I’ve looked at SymEngine a few times but lack the time to get my hands dirty. Probably the low-level C interface could be lifted back up in Fortan to an OO-style interface so users could just write their symbolic expressions normally using operator overloading. As a next step you could use the delayed evaluation technique described by @Arjen Markus in “Modern Fortran in Practice” (page 31). It was also shown in his presentation at FortranCon 2020 - “Experimental Programming in Fortran”.
With LFortran run dynamically from a Jupyter Notebook, I guess it would be interesting to have equivalents of
sympifyandlambdifyto convert between textual representation, symbolic expressions, and Fortran code.
Great ideas!
For static compilation however, with existing tools, I don’t really see how I could get a symbolic block replaced with Fortran. I guess it is possible to write a fypp macro to read a Fortran expression into a symbolic representation, perform symbolic differentation or simplification, and then get replaced with Fortran code. But I am not sure what is the advantage compared to doing it separately in a Jupyter notebook (apart from having the code in a single file).
This has to be implemented, but you would call it exactly as you do it now (whether from a Jupyter notebook, or a standalone .py file), except that you will use Fortran instead of Python. So you either write a .f90 program (a “script”) that gets compiled (with any Fortran compiler) and executed; or you call it from a Jupyter notebook via LFortran. This “script” will then call SymEngine to do whatever manipulation you want and generate Fortran code.

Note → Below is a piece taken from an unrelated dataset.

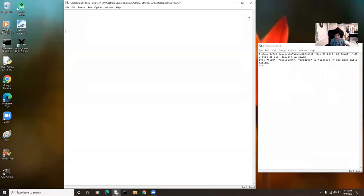Hi guys, it's Elias. In this video, we are going to make a calculator app with Python. It's a simple calculator which has four operations and can do math.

The overall idea is that in Matlab you don’t need to switch to another language (Python or Mathematica) to do symbolics, you simply use Matlab for everything: numerics, plotting, symbolics and code generation. In the same way, we could use Fortran down the road for all these tasks also. Until we do it, I can’t of course guarantee that it will be easy to use and natural, but if Matlab can do it, then I think Fortran (as a language) can do it too, as easily. (If Matlab couldn’t do it, then that would be different.)